Create Lift Chart (RapidMiner Studio Core)
Synopsis
This operator generates a lift chart for the given model and ExampleSet based on the discretized confidences and a Pareto chart.Description
The Create Lift Chart operator creates a lift chart based on a Pareto plot for the discretized confidence values of the given ExampleSet and model. The model is applied on the ExampleSet and a lift chart is produced afterwards. Please note that any predicted label of the given ExampleSet will be removed during the application of this operator. In order to produce reliable results, this operator must be applied on data that has not been used to build the model, otherwise the resulting plot will be too optimistic.
The lift chart measures the effectiveness of models by calculating the ratio between the result obtained with a model and the result obtained without a model. The result obtained without a model is based on randomly selected records.
Input
- example set (Data Table)
This input port expects an ExampleSet. It is the output of the Generate Direct Mailing Data operator in the attached Example Process. The output of other operators can also be used as input.
- model (Model)
This input port expects a model. It is the output of the Naive Bayes operator in the attached Example Process.
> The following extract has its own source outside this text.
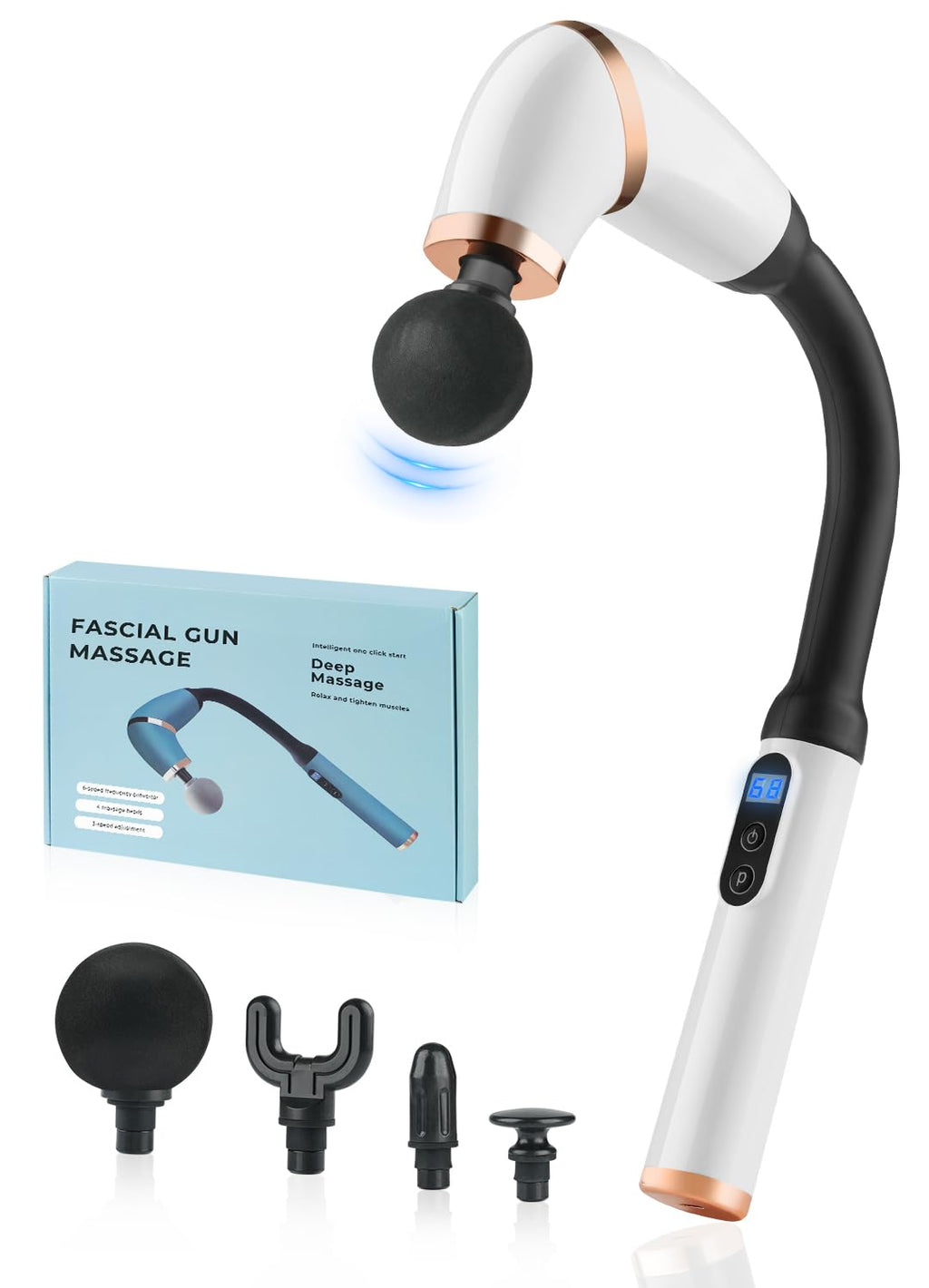 Hiluce Massage Gun with Extended Handle,Back Muscles, Neck, Shoulders, Waist,Legs Massager with LCD Screen, 12MM Deep Tissue wit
The output of other operators can also be used as input.
Output
- example set (Data Table)
The ExampleSet that was given as input is passed without changing to the output through this port. This is usually used to reuse the same ExampleSet in further operators or to view the ExampleSet in the Results Workspace.
- model (Model)
The model that was given as input is passed without changing to the output through this port. This is usually used to reuse the same model in further operators or to view the model in the Results Workspace.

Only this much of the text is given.